• Task statement:
The task calls for an exact retyping of the lines from the one holding "3309 NW 94th Avenue, Sunrise, FL 33351" through the end of the listing, with pictures omitted and nothing added.

═════ Given data ═════

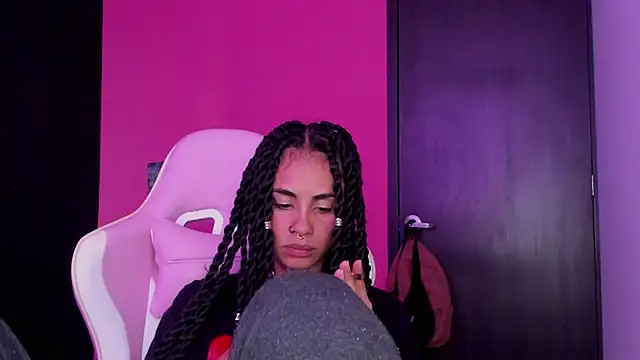 Snapshot of Juanadearco5 chatting on 8, 1, 2025 Juanadearco5 online show from 8, 1, 2025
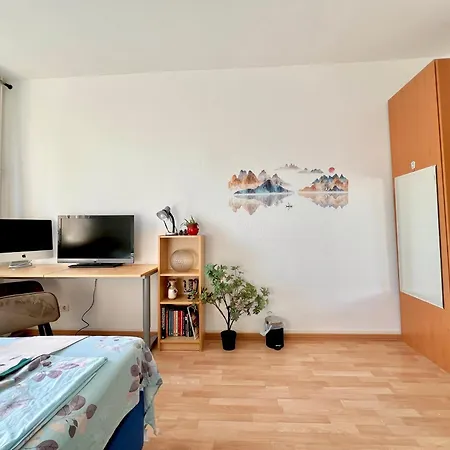 Daire Cozy 2-room-apartment On Zoo Park In District 2 Düsseldorf
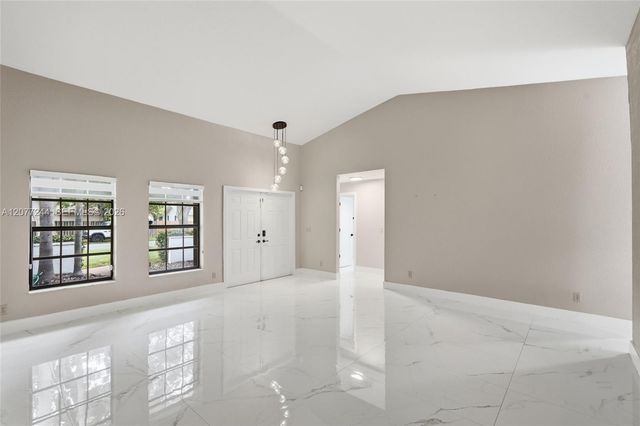 3309 NW 94th Avenue, Sunrise, FL 33351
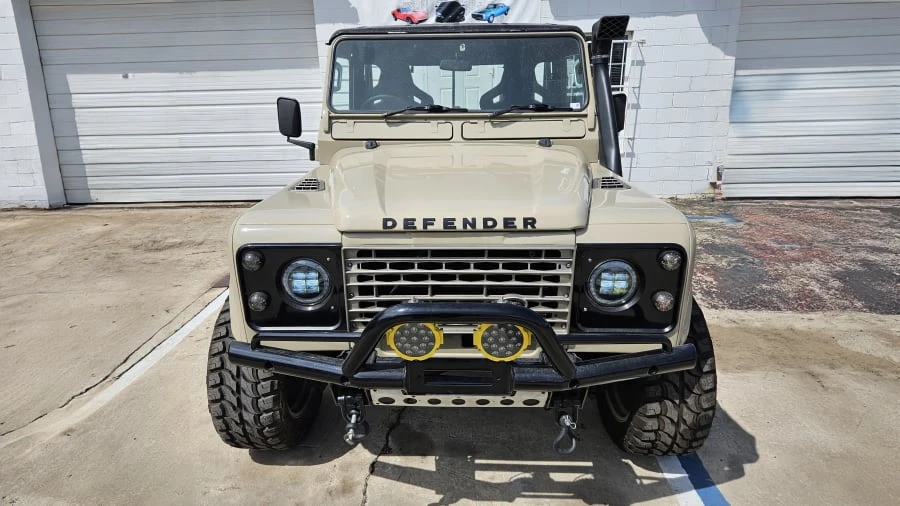 1988 Land Rover Defender 110 - Image 4 of 12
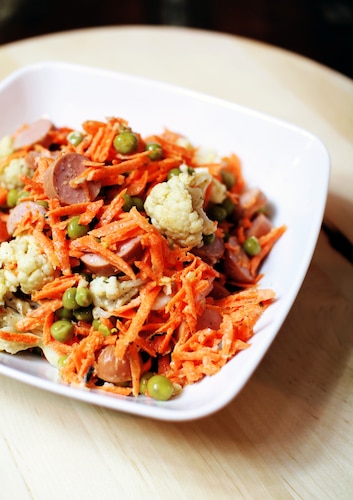 Wegańska sałatka z parówkami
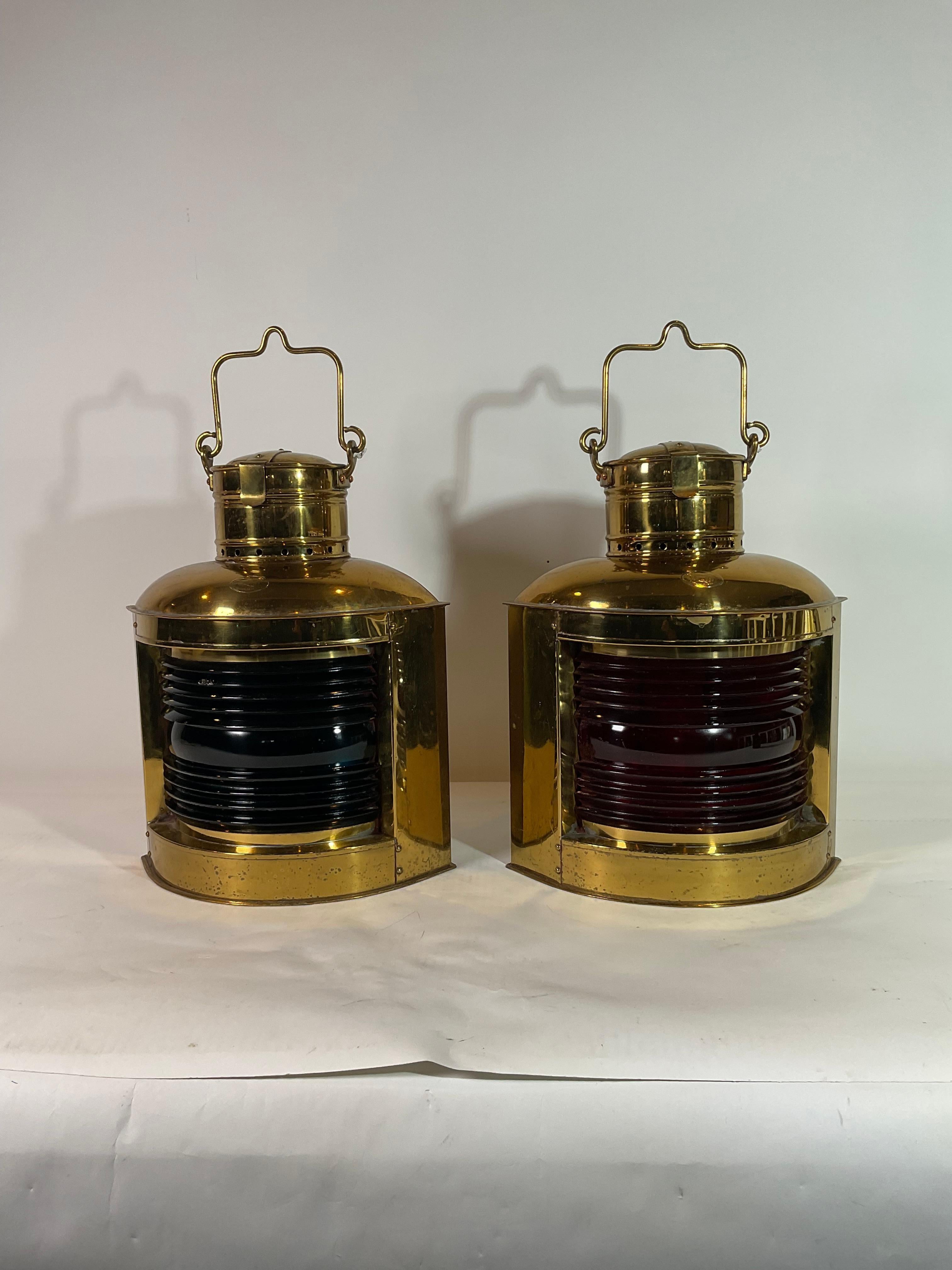 Pair of Solid Brass Port and Starboard Ships Lanterns For Sale 1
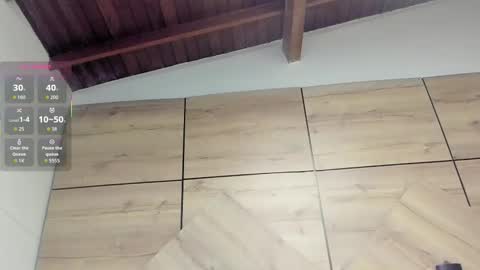  Isabela  online show from 11/07/25, 07:14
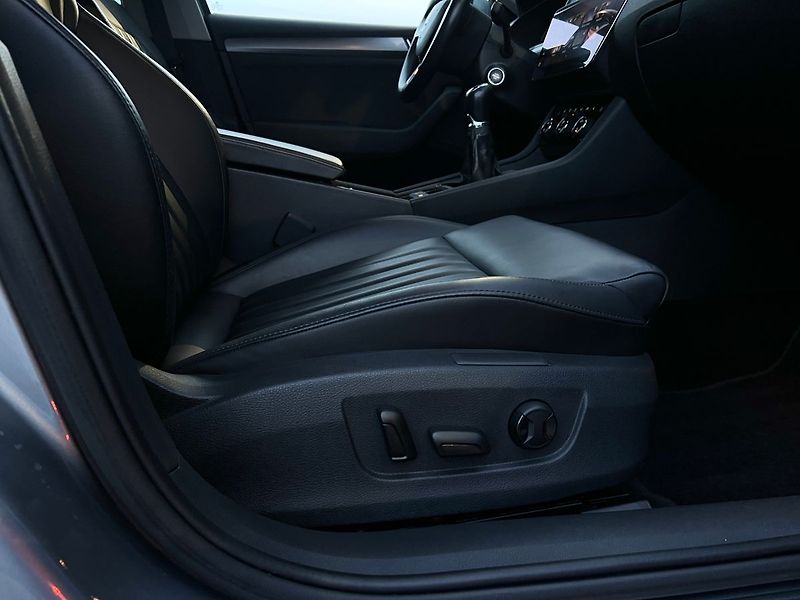 Škoda Superb (2019) 2.0TDI-STYLE-P.KAMERA-TAŽNÉ.Z - fotka 24 z 50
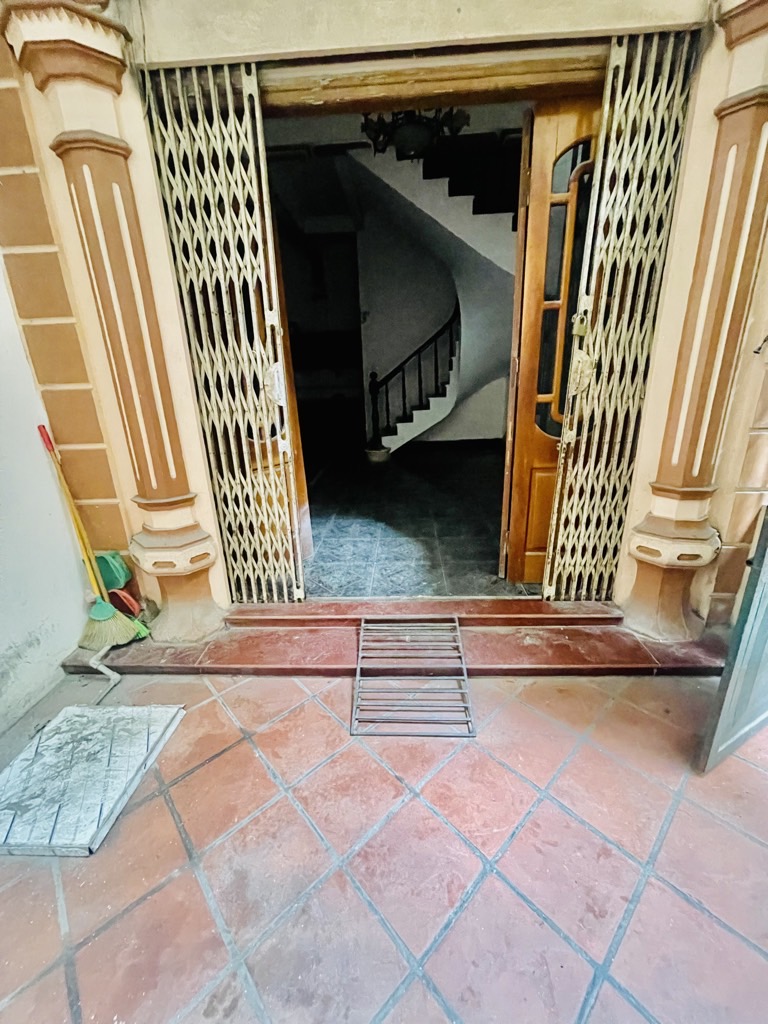 Bán nhà Ngõ Thái Thịnh 1 - diện tích 51m2 4 tầng - Nhà đẹp hiếm có - giá 10,8 tỷ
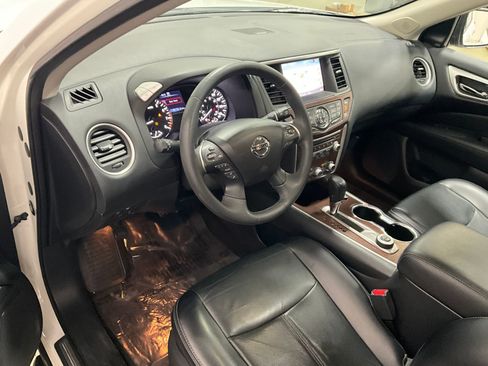 Used 2018 Nissan Pathfinder Platinum image 14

═════

• Task solution:
 3309 NW 94th Avenue, Sunrise, FL 33351
 1988 Land Rover Defender 110 - Image 4 of 12
 Wegańska sałatka z parówkami
 Pair of Solid Brass Port and Starboard Ships Lanterns For Sale 1
  Isabela  online show from 11/07/25, 07:14
 Škoda Superb (2019) 2.0TDI-STYLE-P.KAMERA-TAŽNÉ.Z - fotka 24 z 50
 Bán nhà Ngõ Thái Thịnh 1 - diện tích 51m2 4 tầng - Nhà đẹp hiếm có - giá 10,8 tỷ
 Used 2018 Nissan Pathfinder Platinum image 14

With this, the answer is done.